→ WORK TO COMPLETE: Reproduce the entries that follow exactly. No picture should appear in the result.

→ RECORDS PROVIDED:

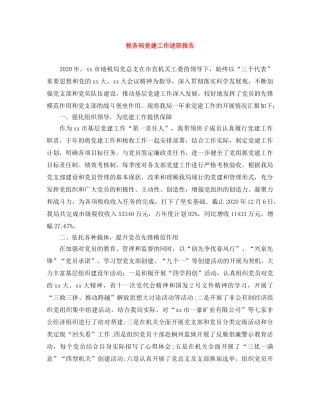税务局党建工作述职报告 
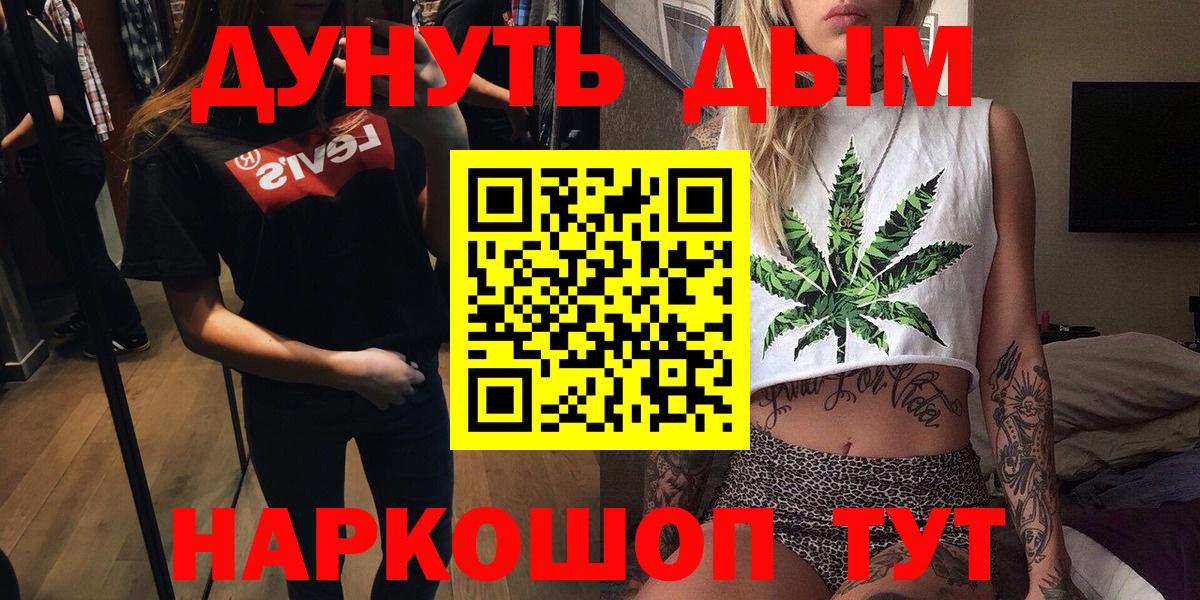 МАРИХУАНА THC 21% Прохладный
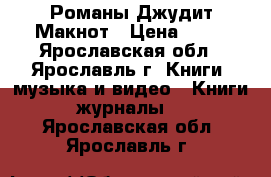 Романы Джудит Макнот › Цена ­ 50 - Ярославская обл., Ярославль г. Книги, музыка и видео » Книги, журналы   . Ярославская обл.,Ярославль г.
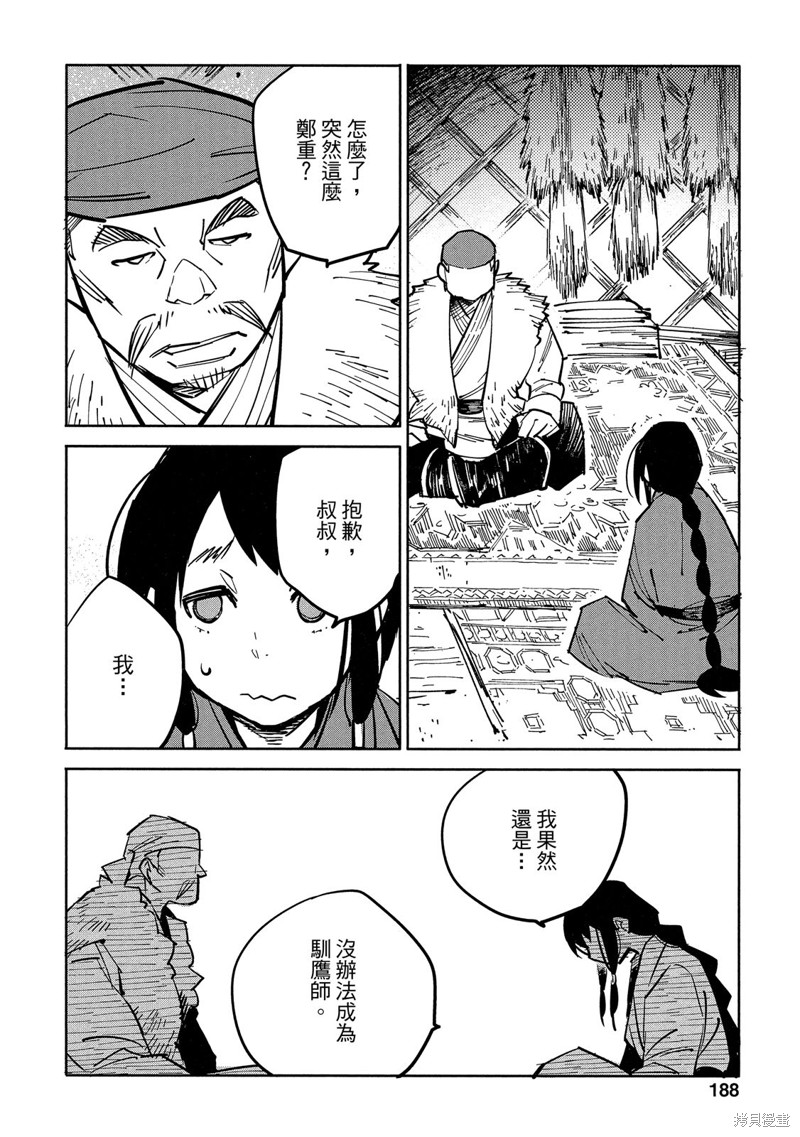 第189页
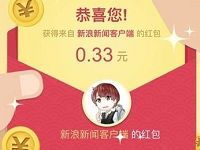 新浪新闻APP让红包飞活动送随机支付宝红包 支付宝红包 活动线报 第1张 新浪新闻APP让红包飞活动送随机支付宝红包 支付宝红包 活动线报 第1张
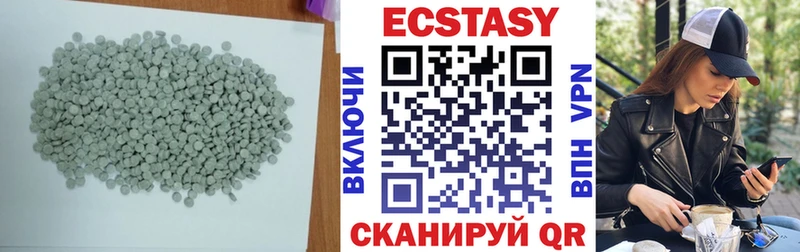 Ecstasy бентли  Купить закладки  Осташков 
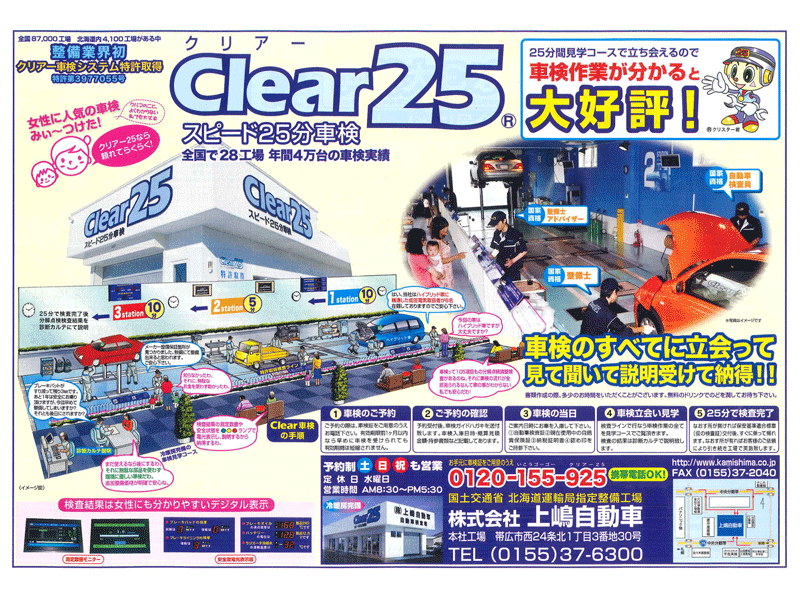 Clear25®(スピード25分車検)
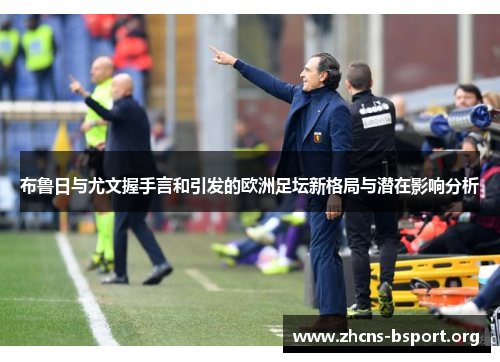 布鲁日与尤文握手言和引发的欧洲足坛新格局与潜在影响分析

→ OUTPUT OF THE EXERCISE:
税务局党建工作述职报告 
 МАРИХУАНА THC 21% Прохладный
 Романы Джудит Макнот › Цена ­ 50 - Ярославская обл., Ярославль г. Книги, музыка и видео » Книги, журналы   . Ярославская обл.,Ярославль г.
 第189页
 新浪新闻APP让红包飞活动送随机支付宝红包 支付宝红包 活动线报 第1张 新浪新闻APP让红包飞活动送随机支付宝红包 支付宝红包 活动线报 第1张
 Ecstasy бентли  Купить закладки  Осташков 
 Clear25®(スピード25分車検)
 布鲁日与尤文握手言和引发的欧洲足坛新格局与潜在影响分析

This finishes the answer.